Up to that point, the match had been unpredictable. It began with two breaks followed by two holds, as each man tested and teased the other. It was a Monagesque Standoff, with each man hitting deep, neutral groundstrokes that prevented either from taking charge of rallies or going for forcing shots. Simon, however, seemed to lose his appetite for what promised to be a seemingly interminable game of cat-and-mouse and began making enough errors to embolden Murray, who responded by ratcheting up his game and playing with appropriate aggression. He took command in the middle portion of the set.
Then came the ankle. After a full injury timeout that allowed Simon to have his ankle heavily taped, Murray swifty won the next two points and the set. Surrender seemed the wise if not only option for Simon.
Surprisingly, Simon decided to play on. As is often the case in a situation like this, Simon suddenly morphed into a young Rod Laver, cold-cocking winners left and right to break Murray at love in the first game of the second set. But the torrid streak couldn’t last. It never does.
The crowed jeered and whistled as Murray ramped up his already healthy quota of drop shots. Obviously, Murray forgot that when the other guy is hurt, you’re supposed to gently place the ball right in his wheelhouse, so that he can win the match and leave you looking like a kind-hearted idiot before friends, fans and family.
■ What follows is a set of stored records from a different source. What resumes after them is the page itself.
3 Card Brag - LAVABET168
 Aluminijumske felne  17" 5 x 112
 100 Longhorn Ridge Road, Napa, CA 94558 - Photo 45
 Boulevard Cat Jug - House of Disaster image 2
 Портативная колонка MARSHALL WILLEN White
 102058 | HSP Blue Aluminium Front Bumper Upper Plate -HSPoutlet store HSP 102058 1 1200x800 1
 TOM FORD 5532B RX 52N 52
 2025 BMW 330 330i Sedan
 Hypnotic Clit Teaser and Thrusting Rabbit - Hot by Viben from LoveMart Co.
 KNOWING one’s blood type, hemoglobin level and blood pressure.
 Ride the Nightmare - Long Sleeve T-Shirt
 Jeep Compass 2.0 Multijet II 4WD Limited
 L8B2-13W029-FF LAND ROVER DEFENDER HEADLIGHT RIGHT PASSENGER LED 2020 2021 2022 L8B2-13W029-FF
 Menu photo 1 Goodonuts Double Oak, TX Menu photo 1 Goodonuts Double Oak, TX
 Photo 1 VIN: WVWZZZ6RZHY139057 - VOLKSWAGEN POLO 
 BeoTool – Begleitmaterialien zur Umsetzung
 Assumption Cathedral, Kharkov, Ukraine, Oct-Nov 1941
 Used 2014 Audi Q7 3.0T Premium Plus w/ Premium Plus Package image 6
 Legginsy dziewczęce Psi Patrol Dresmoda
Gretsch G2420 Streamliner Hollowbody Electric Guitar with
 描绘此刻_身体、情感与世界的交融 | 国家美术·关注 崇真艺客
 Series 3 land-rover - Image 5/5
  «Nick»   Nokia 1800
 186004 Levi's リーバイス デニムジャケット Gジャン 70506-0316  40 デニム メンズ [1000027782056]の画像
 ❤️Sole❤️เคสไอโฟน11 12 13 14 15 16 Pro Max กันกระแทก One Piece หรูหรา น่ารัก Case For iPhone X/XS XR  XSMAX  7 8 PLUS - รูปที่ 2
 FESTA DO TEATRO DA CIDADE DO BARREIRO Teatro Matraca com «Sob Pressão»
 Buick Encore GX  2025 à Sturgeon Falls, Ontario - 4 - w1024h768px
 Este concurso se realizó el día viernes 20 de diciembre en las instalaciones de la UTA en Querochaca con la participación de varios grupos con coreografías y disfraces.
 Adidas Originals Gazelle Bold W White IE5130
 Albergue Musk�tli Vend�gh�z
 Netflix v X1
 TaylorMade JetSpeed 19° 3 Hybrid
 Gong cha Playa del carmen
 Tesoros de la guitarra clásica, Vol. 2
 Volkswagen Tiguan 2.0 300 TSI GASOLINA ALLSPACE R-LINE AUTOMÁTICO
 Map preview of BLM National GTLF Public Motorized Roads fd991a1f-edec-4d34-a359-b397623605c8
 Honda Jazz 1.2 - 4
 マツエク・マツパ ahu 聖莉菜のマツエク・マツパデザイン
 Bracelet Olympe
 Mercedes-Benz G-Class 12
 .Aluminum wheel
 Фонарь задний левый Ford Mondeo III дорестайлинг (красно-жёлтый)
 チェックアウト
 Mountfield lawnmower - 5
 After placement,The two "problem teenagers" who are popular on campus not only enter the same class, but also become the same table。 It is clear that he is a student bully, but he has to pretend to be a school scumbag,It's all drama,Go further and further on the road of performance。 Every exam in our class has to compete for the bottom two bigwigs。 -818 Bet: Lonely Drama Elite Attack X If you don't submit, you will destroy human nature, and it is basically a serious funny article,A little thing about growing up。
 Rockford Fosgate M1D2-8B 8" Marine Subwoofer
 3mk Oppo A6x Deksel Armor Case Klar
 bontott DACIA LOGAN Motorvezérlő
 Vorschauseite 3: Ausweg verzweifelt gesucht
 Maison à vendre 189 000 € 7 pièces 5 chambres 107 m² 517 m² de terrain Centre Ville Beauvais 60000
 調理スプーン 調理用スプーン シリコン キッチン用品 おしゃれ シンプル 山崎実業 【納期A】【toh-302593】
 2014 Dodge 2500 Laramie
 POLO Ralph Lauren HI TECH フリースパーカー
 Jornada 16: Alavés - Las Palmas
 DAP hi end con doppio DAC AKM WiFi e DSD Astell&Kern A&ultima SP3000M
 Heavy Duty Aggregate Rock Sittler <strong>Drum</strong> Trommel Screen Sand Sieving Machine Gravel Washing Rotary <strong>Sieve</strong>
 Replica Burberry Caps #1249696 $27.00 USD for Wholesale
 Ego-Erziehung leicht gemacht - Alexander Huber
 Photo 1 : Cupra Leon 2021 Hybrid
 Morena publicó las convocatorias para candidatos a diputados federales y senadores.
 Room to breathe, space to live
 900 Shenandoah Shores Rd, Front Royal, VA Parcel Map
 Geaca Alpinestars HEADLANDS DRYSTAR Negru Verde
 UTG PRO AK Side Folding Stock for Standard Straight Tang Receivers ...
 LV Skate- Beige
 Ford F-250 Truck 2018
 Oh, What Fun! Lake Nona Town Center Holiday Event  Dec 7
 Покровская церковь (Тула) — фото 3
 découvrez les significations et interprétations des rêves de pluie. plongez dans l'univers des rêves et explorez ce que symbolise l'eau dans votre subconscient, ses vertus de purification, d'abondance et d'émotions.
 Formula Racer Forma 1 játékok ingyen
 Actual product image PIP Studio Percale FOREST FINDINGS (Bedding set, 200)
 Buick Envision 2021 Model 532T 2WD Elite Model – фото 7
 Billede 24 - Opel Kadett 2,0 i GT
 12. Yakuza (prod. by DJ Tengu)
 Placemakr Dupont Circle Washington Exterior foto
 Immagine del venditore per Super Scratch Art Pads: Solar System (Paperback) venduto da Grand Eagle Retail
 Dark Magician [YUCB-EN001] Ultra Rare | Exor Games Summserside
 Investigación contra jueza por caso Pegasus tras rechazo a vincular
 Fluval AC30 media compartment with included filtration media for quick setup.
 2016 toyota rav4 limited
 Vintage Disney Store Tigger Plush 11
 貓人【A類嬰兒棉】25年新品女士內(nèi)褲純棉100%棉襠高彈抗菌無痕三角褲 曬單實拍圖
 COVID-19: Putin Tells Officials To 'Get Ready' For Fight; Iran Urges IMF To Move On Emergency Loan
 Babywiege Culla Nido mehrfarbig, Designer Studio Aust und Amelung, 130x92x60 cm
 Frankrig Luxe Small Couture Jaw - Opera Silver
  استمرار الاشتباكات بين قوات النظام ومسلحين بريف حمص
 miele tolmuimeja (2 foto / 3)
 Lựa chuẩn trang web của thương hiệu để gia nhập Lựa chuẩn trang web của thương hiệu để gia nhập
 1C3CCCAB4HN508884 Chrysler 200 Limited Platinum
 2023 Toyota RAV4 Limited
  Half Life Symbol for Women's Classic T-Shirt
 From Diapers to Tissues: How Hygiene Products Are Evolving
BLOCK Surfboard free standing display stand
Seriously though, Simon’s decision to play on raised an interesting question: should he have quit, given that this is just the start of the clay season, and playing on a bad ankle could only make the injury worse? Was he being a true warrior, or merely a ham enjoying the sympathy and love of the crowd? It was clear after those first few hero moments of the second set that Simon had basically no shot at winning the match, unless Murray went one worse and broke a leg. Or the skies opened up with rain.
Neither of those scenarios materialized, leaving Murray to chalk up a 6-3, 6-3 win that was less satisfying than it would have been against a completely fit opponent.